SUPPLIED INFORMATION:
=-=-=

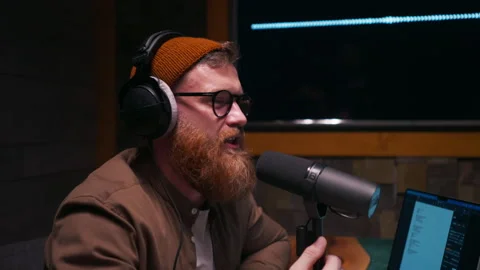 Happy bearded presenter interviewing guest in recording studio Stock Footage 269069202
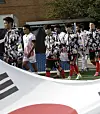 Soccer players in patterned warm-up tops walk beside a large flag near the sideline.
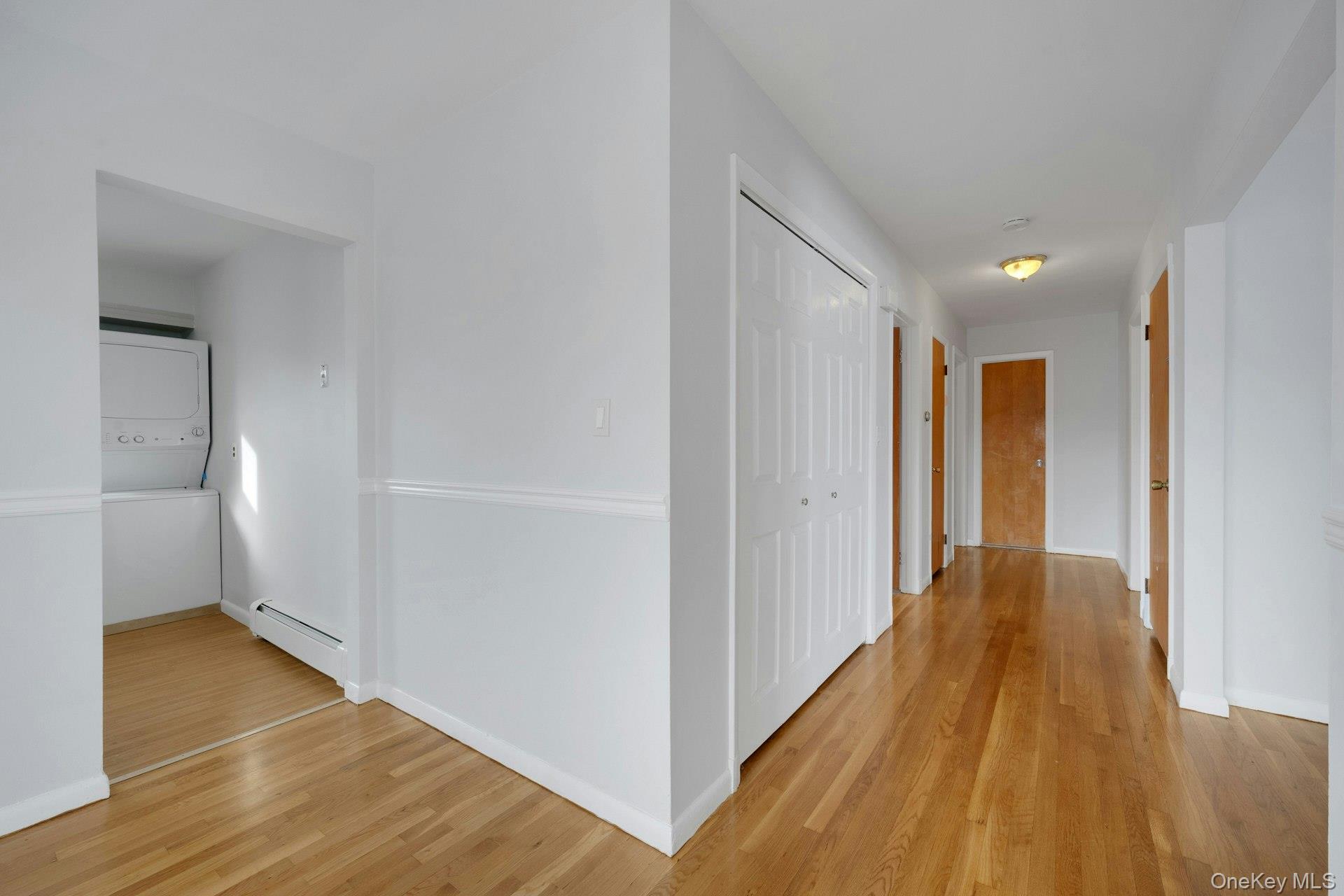 52 Post Place, Unit 2 Harrison, NY 10528 - Photo 8 of 23 a view of a hallway with wooden floor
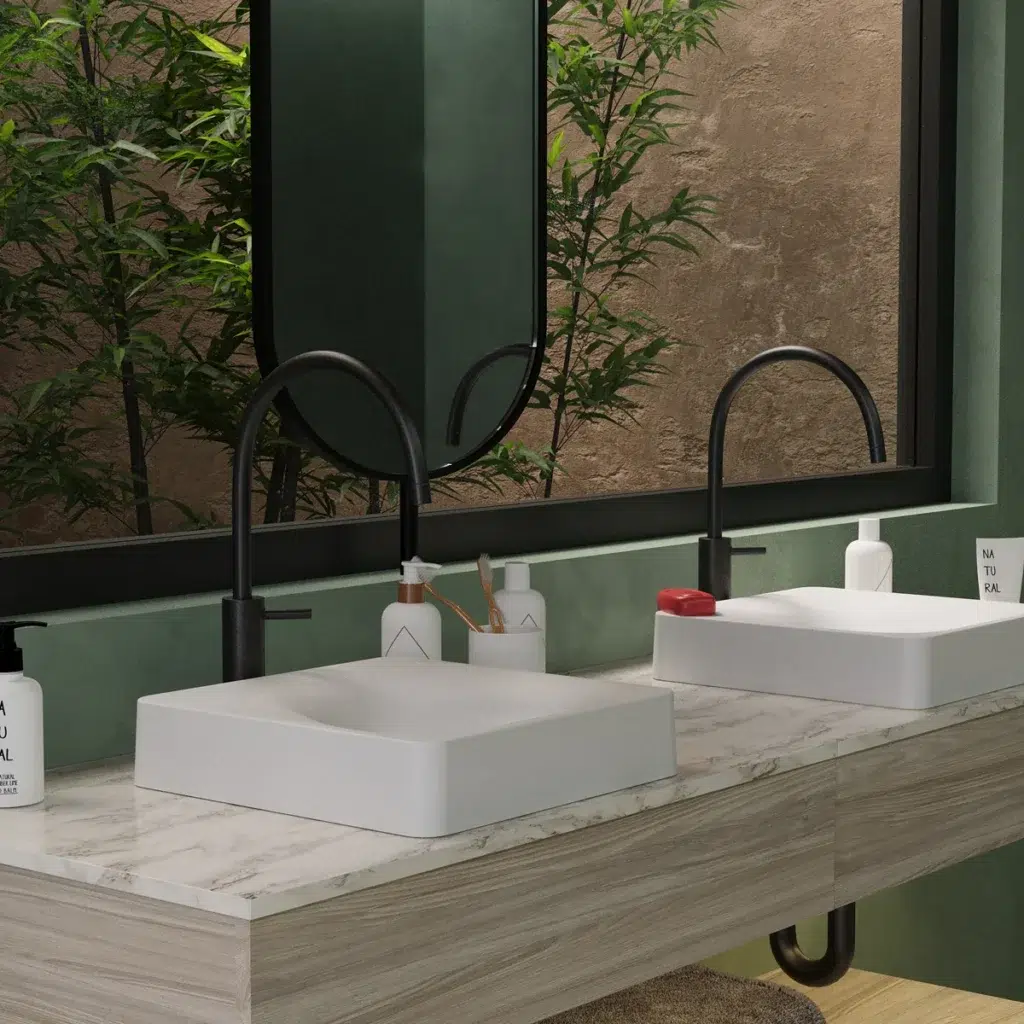 Baño de alta gama para hotel o spa que combina un lavamanos tipo vessel de policuarzo con una tina en fibra de vidrio de Firplak S.A., optimizando las dimensiones reales del espacio con acabados exclusivos.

=-=-=

HOW TO COMPLETE THIS TASK:
This task calls for the lines from the line holding "Soccer players in" through the last line above, restated word for word with both ends included and the pictures dropped.

RESULT:
 Soccer players in patterned warm-up tops walk beside a large flag near the sideline.
 52 Post Place, Unit 2 Harrison, NY 10528 - Photo 8 of 23 a view of a hallway with wooden floor
 Baño de alta gama para hotel o spa que combina un lavamanos tipo vessel de policuarzo con una tina en fibra de vidrio de Firplak S.A., optimizando las dimensiones reales del espacio con acabados exclusivos.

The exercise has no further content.